Sebastien Dumetz

Providing codecs informations on HTML5 video

The HTML5 VideoElement allows for codecs informations in the type property. For once, even safari seems to happily support it. How is it important? Because browsers will choose the first input they can play solely depending on the type property (or file extension, if absent). Once they make the wrong choice (i.e. A too high level mp4 video for iOS/ a low end android), they’ll just hang there forever.

However, the codecs infos are really not so well documented. I made detailed search on the subject and here are all the bytes you could need to describe your h.264 presets.

Introduction

an h.264 video is described as :

  <source src="/path/to/video.mp4" type='video/mp4 codecs="avc1.4D401F"'>

avc1 being h.264’s reference. the 3 hex bytes after the dot are :

  • profile_idc
  • constraint_set
  • level_idc

hereafter you’ll find a complete description of their meaning.

Byte 1 : profile_idc

in h.264 syntax, profile is usually given as a string. For example using libav or ffmpeg, we’ll set it with -profile:v high. libx264’s code has a simple if chain to parse those (in common/common.c)
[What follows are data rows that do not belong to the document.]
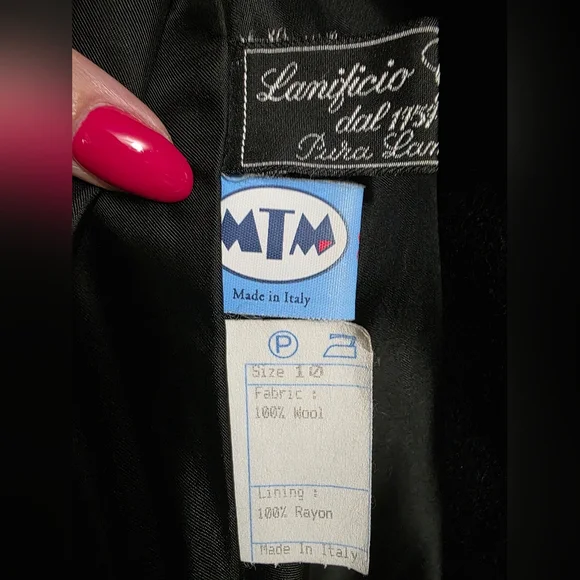 Cinzia Rocca By Rodel Black Winter Wool Coat w Fox Fur Trim Cuffs IT46/ US 16 - Picture 11 of 17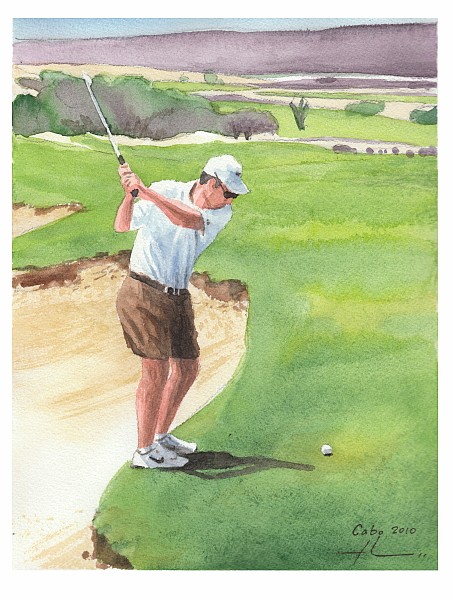 golfer watercolor mike theuer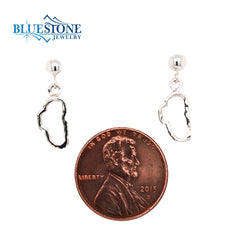Small Silver Lake Tahoe Outline Post Drop Earrings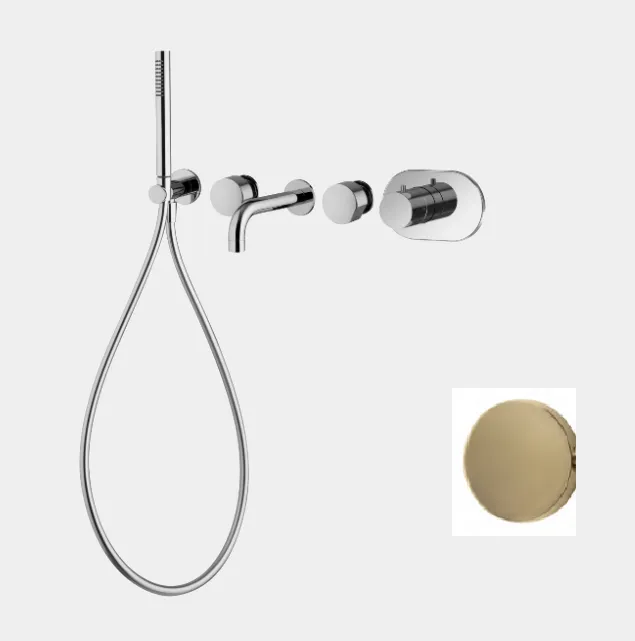 Смеситель для душа Fima Carlo Frattini Fimatherm, на 3 потребителя, шампань брашированная (F3188X3HS)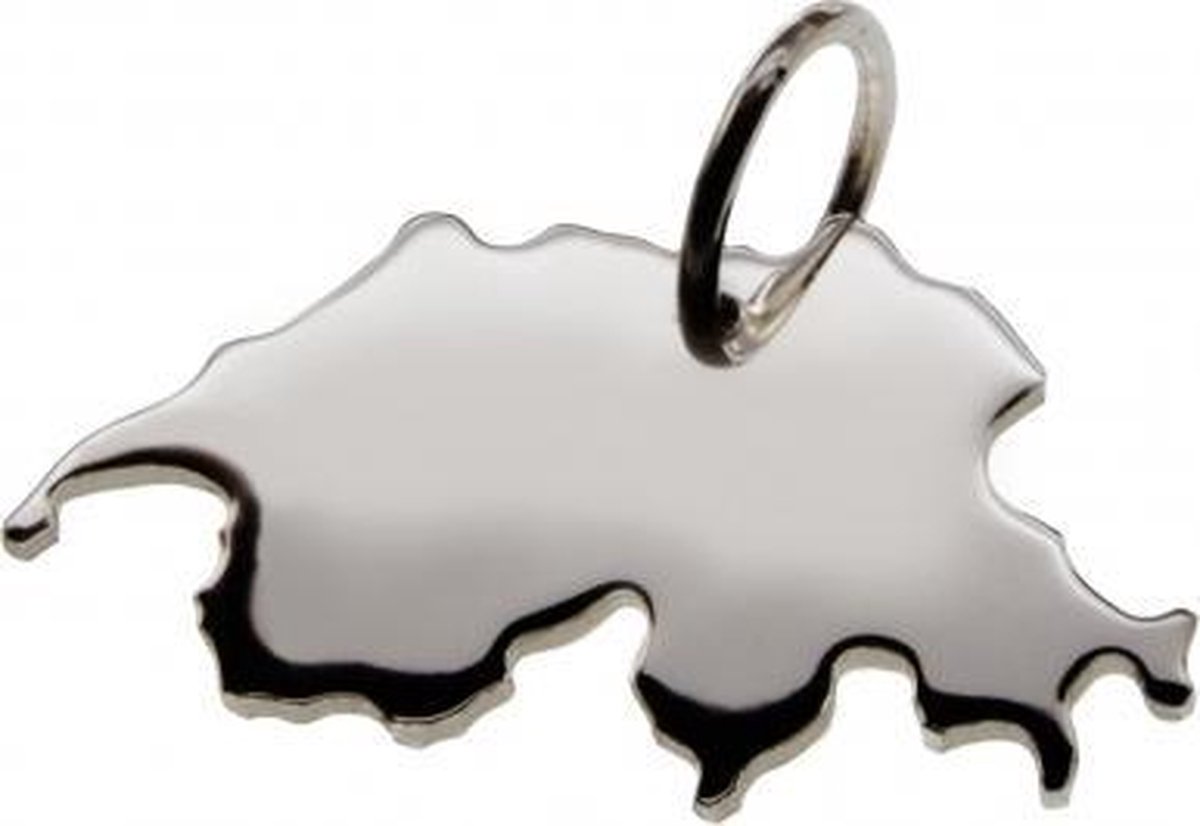 Zilveren Hanger land Zwitserland | 925 Sterling Silver | met Gratis lederen hals ketting | vorm landkaart Switzerland | mooi, leuk souvenir en cadeau voor jezelf of een ander | landhanger zilver | geschenkverpakking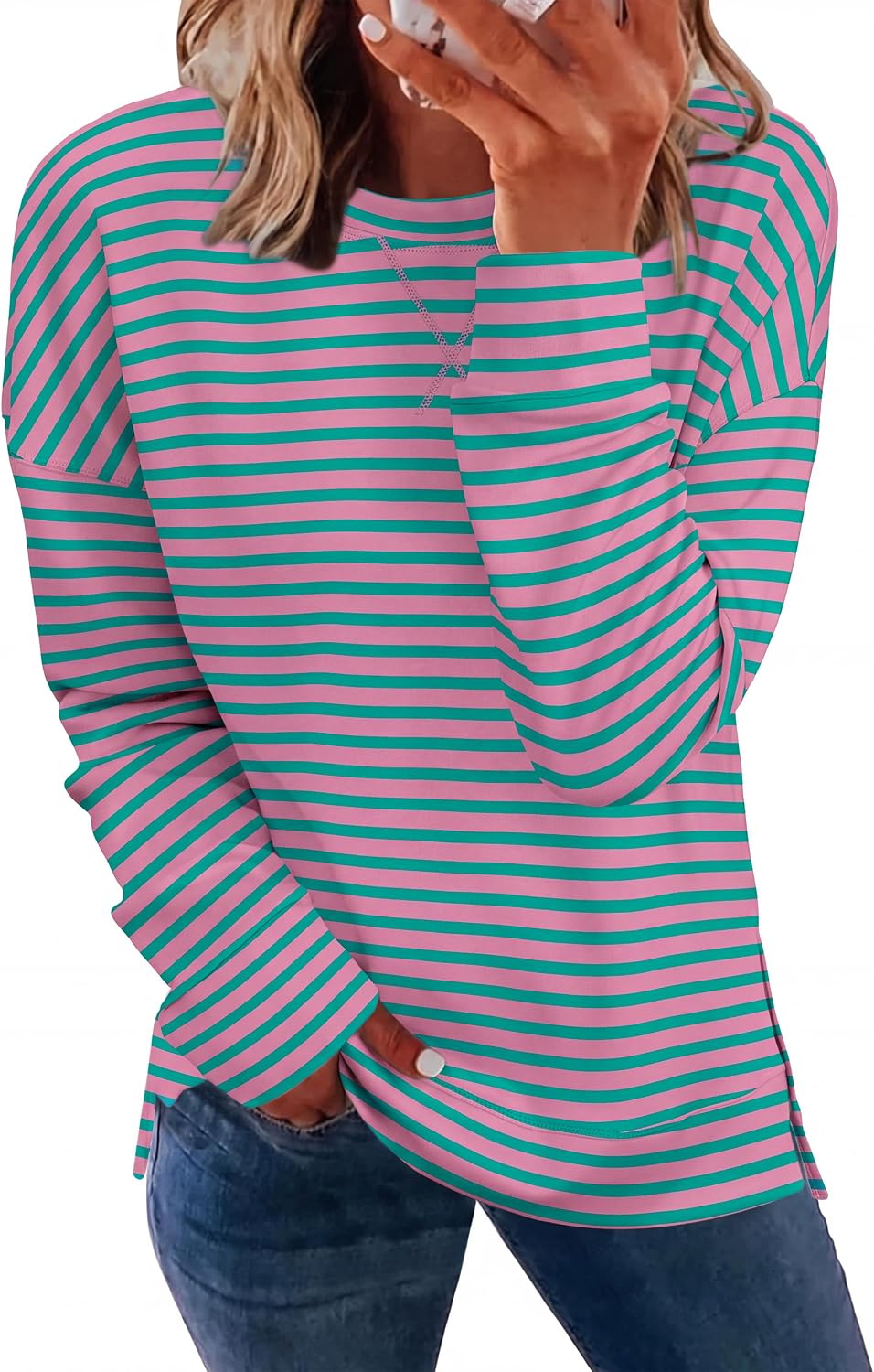 Simplee Womens Oversized Striped Sweatshirt Casual Long Sleeve Crewneck Loose Trendy Pullover Tops Fashion Clothes 2026
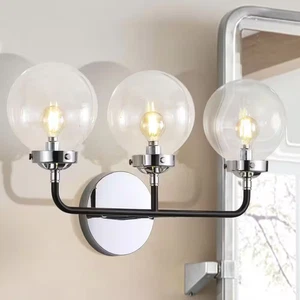 Caleb 22 3-Light Contemporary Transitional Iron/Glass LED Vanity Chrome/Black - Picture 1 of 5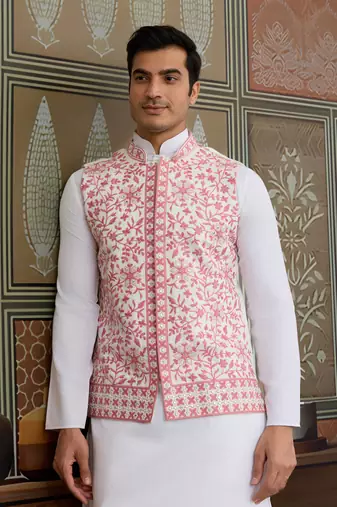 WHITE PINK SILK REAL MIRROR WITH THREAD EMBROIDERED WORK WEDDING FESTIVAL PARTY WEAR STRAIGHT KURTA WITH JACKE AND PANT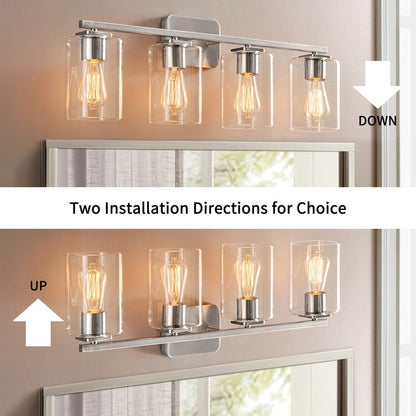 Applique murale moderne KAWOTI de 74 cm (29 pouces) à 4 lumières avec abat-jour en verre transparent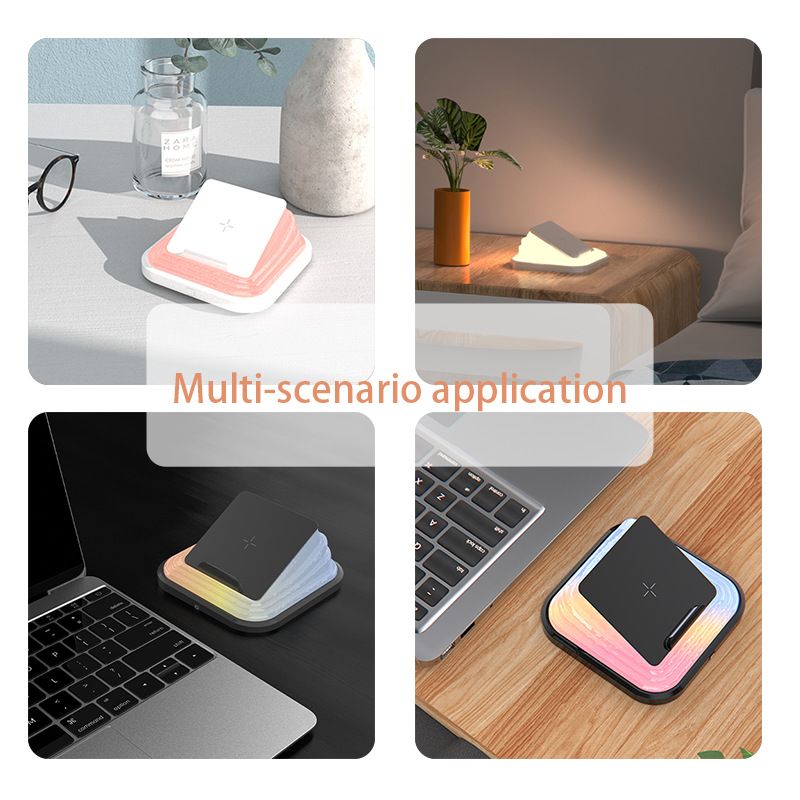Wireless atmosphere lamp Desk Night Light USB Rechargeable Portable Wireless Charging Foldable Light Atmosphere Bedroom Bedside Table Lamp Novelty Lighting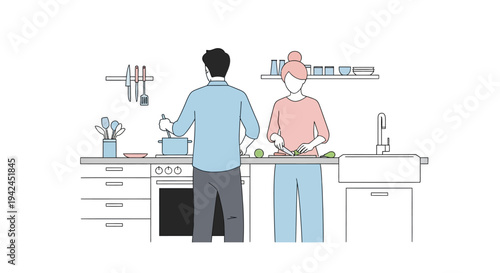 Couple cooking together in a modern kitchen at home.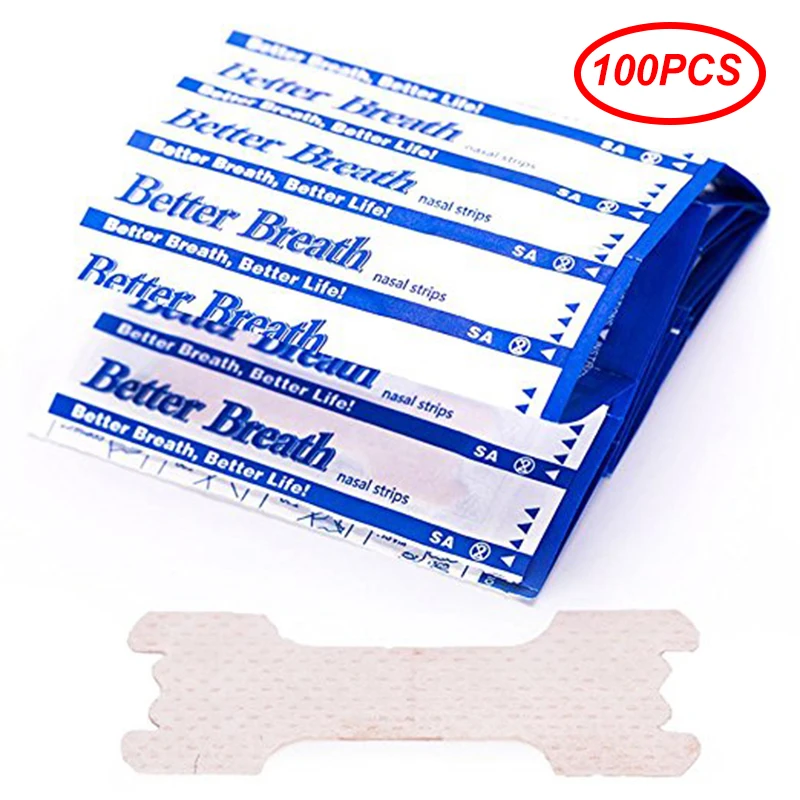 

100 Pcs Breathe Nasal Strips Right Way Stop Snoring Anti Snoring Strips Easier Better Breathe Health Care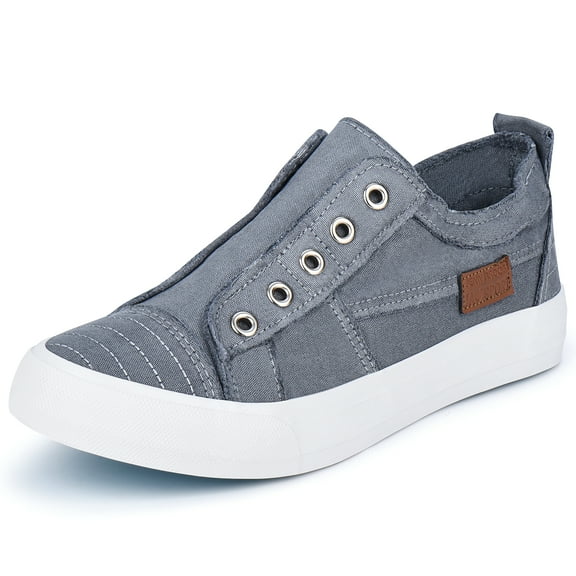 JENN ARDOR Women's Canvas Sneakers Laceless Flats Low Tops Running shoes Student Casual Shoes
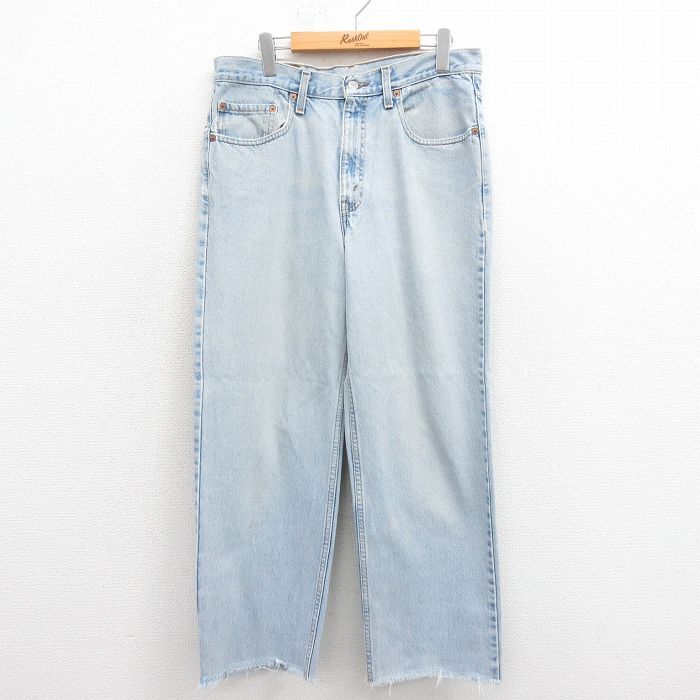 W34/古着 ジーンズ Levis リーバイス 550 メンズ 00s テーパード 薄紺 ネイビー デニム 25sep30 中古 ボトムス ジーパン Gパン ロング パン拍卖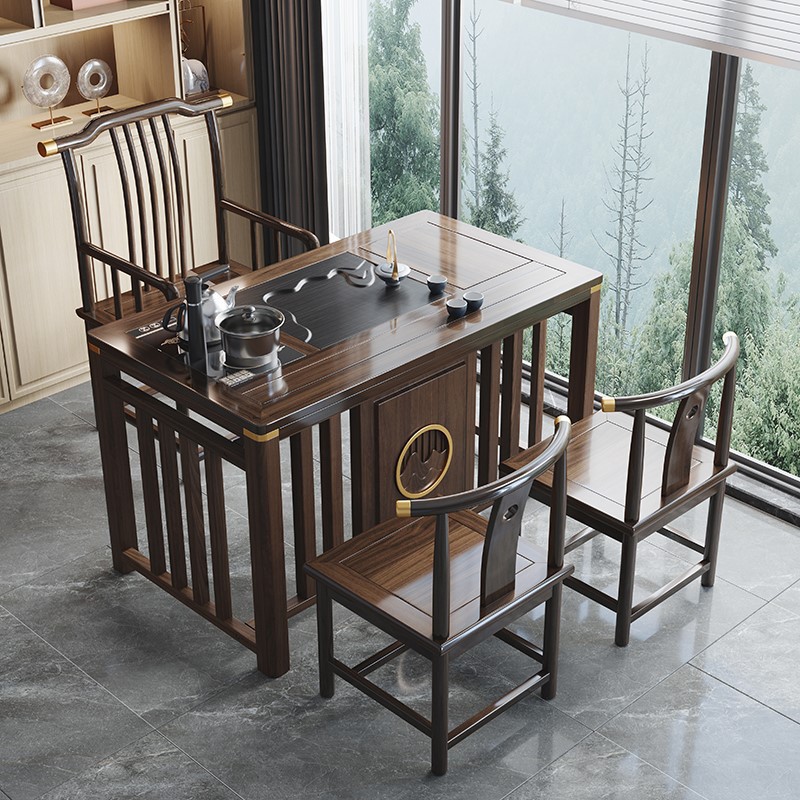 新中式家具 小型实木茶桌椅组合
    static int profile_string_to_int( const char *str )
    {
        if( !strcasecmp( str, "baseline" ) )
            return PROFILE_BASELINE;
        if( !strcasecmp( str, "main" ) )
            return PROFILE_MAIN;
        if( !strcasecmp( str, "high" ) )
            return PROFILE_HIGH;
        if( !strcasecmp( str, "high10" ) )
            return PROFILE_HIGH10;
        if( !strcasecmp( str, "high422" ) )
            return PROFILE_HIGH422;
        if( !strcasecmp( str, "high444" ) )
            return PROFILE_HIGH444_PREDICTIVE;
        return -1;
    }

We can get the corresponding integer in common/set.h

    enum profile_e
    {
        PROFILE_BASELINE = 66,
        PROFILE_MAIN     = 77,
        PROFILE_HIGH    = 100,
        PROFILE_HIGH10  = 110,
        PROFILE_HIGH422 = 122,
        PROFILE_HIGH444_PREDICTIVE = 244,
    };

so here is the complete translation from profile string to profile_idc

profile enum idc
baseline 66 42
main 77 4D
high 100 64
high10 110 6E
high422 122 7A
high444 244 7A

Byte 2 : constraint_set

Again from the code :

sps->b_constraint_set0  = sps->i_profile_idc == PROFILE_BASELINE;
/* x264 doesn't support the features that are in Baseline and not in Main,
 * namely arbitrary_slice_order and slice_groups. */
sps->b_constraint_set1  = sps->i_profile_idc <= PROFILE_MAIN;
/* Never set constraint_set2, it is not necessary and not used in real world. */
sps->b_constraint_set2  = 0;
sps->b_constraint_set3  = 0;

sps->i_level_idc = param->i_level_idc;
if( param->i_level_idc == 9 && ( sps->i_profile_idc == PROFILE_BASELINE || sps->i_profile_idc == PROFILE_MAIN ) )
{
    sps->b_constraint_set3 = 1; /* level 1b with Baseline or Main profile is signalled via constraint_set3 */
    sps->i_level_idc      = 11;
}
/* Intra profiles */
if( param->i_keyint_max == 1 && sps->i_profile_idc >= PROFILE_HIGH )
    sps->b_constraint_set3 = 1;

A bit more difficult to read but in the end pretty straightforward. The tricky thing here is given how these are written in headers, constraint_set0 is the highest order bit.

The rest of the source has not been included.